* [RECORDS PROVIDED]
===============
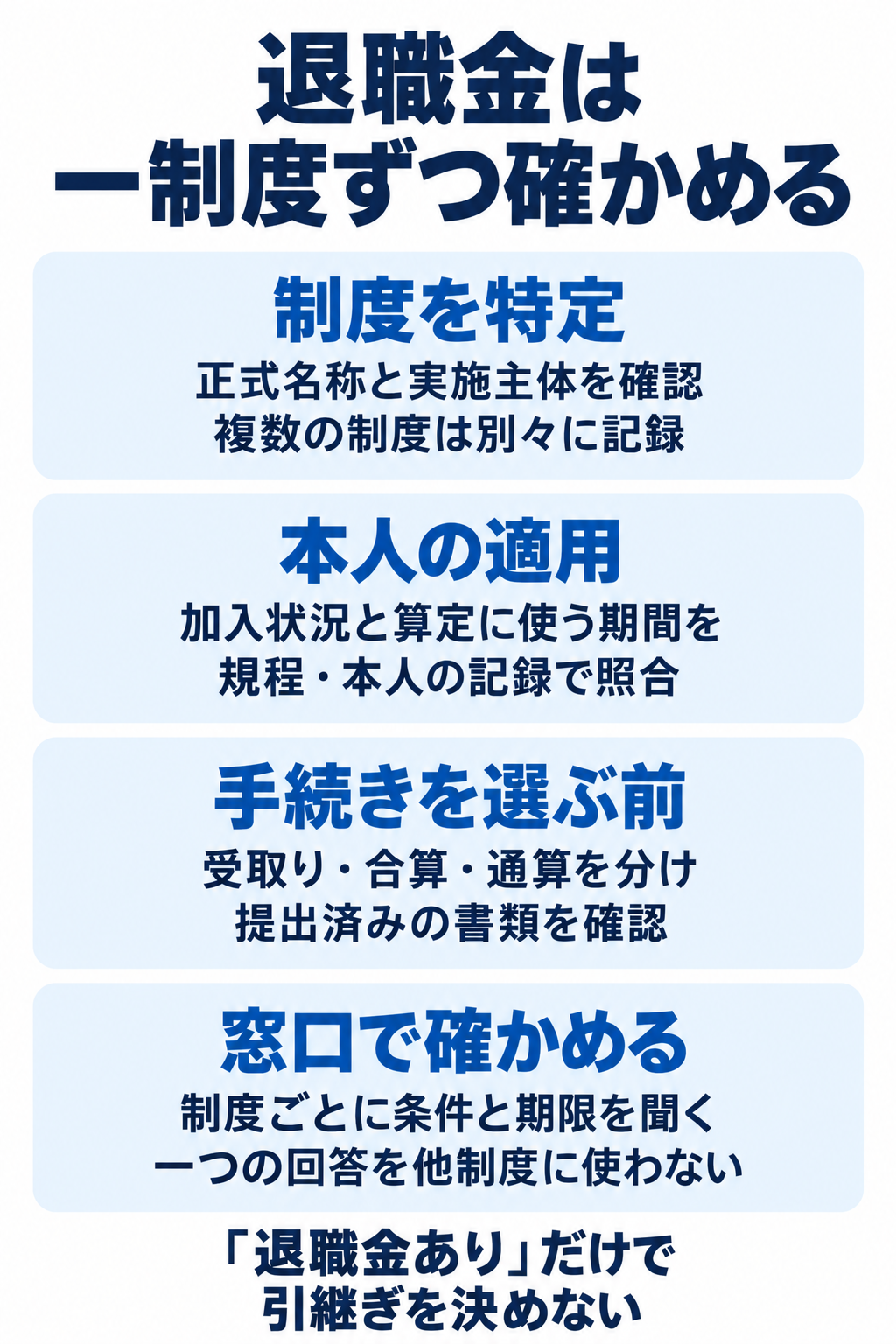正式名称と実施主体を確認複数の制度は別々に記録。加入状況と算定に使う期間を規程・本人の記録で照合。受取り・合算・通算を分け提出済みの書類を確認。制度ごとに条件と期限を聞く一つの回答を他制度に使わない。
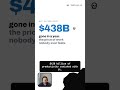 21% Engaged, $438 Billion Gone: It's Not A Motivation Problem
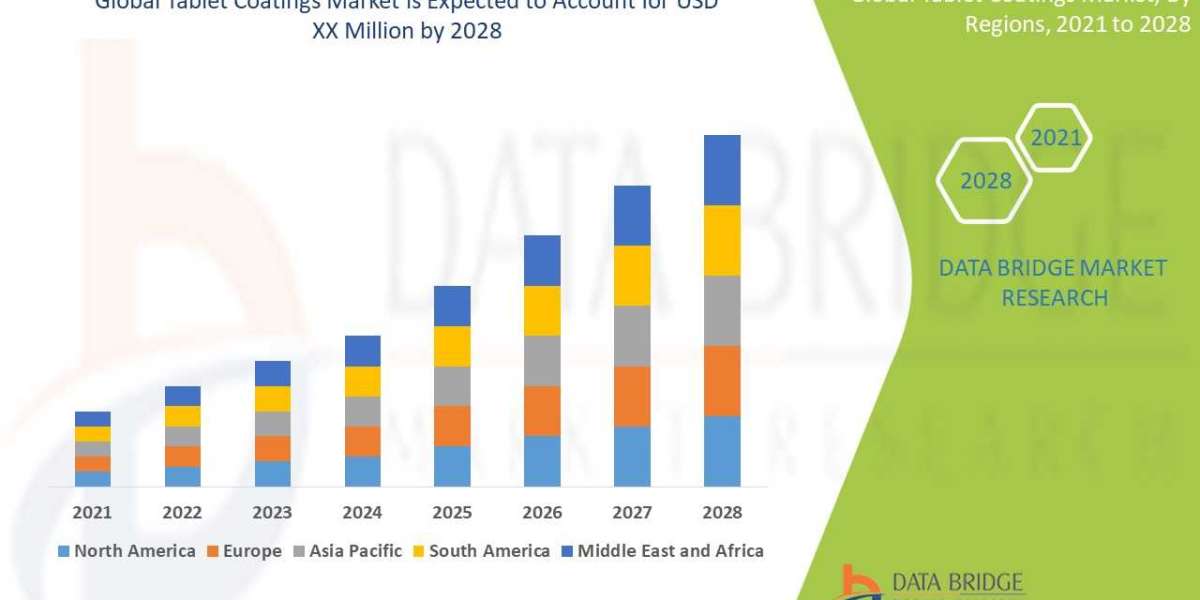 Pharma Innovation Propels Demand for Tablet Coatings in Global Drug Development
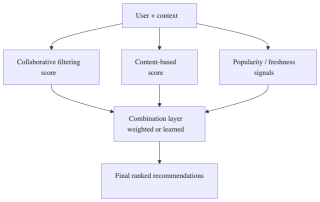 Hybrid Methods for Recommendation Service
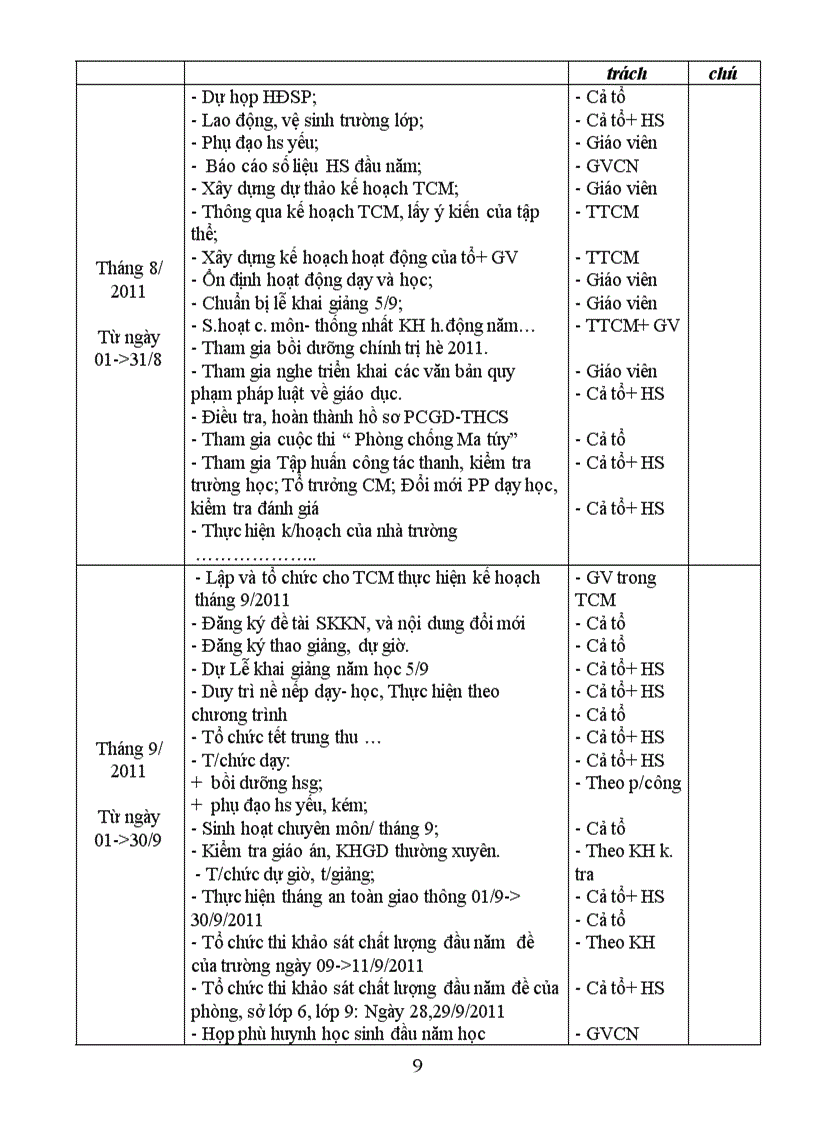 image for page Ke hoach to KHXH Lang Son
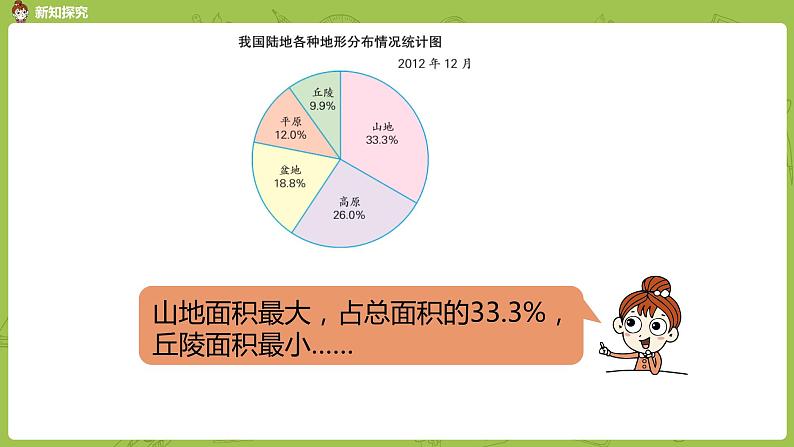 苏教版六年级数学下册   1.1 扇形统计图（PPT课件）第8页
===============
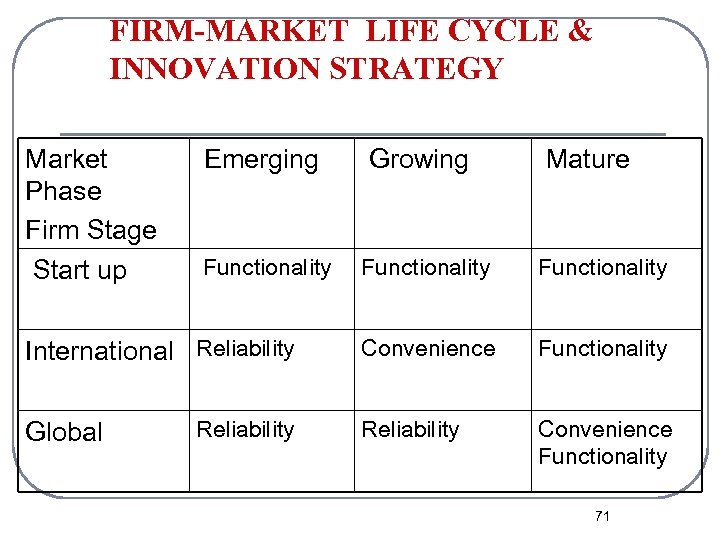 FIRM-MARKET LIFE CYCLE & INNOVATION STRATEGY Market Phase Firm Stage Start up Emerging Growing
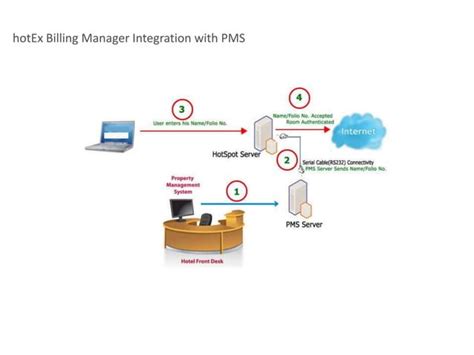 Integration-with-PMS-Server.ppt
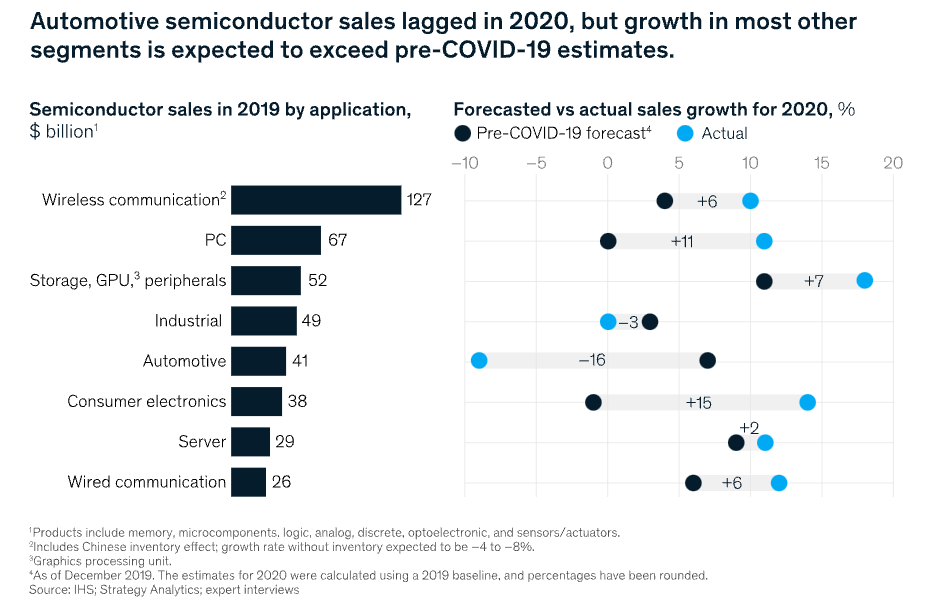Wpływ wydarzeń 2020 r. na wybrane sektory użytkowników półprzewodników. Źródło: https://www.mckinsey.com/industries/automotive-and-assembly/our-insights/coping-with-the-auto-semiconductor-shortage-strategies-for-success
===============
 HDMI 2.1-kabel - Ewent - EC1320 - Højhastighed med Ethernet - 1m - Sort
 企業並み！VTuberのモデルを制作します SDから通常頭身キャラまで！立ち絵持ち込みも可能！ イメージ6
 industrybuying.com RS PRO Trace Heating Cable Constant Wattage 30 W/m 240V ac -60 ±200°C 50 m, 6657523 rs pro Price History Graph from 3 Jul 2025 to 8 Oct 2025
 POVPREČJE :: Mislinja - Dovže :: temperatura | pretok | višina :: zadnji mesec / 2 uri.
===============
* [EXERCISE GOAL]
Using the records above, copy word for word the line with "企業並み！VTuberのモデルを制作します SDから通常頭身キャラまで！立ち絵持ち込みも可能！ イメージ6", the line with "POVPREČJE :: Mislinja", and every line between them.

* [TASK OUTPUT]
 企業並み！VTuberのモデルを制作します SDから通常頭身キャラまで！立ち絵持ち込みも可能！ イメージ6
 industrybuying.com RS PRO Trace Heating Cable Constant Wattage 30 W/m 240V ac -60 ±200°C 50 m, 6657523 rs pro Price History Graph from 3 Jul 2025 to 8 Oct 2025
 POVPREČJE :: Mislinja - Dovže :: temperatura | pretok | višina :: zadnji mesec / 2 uri.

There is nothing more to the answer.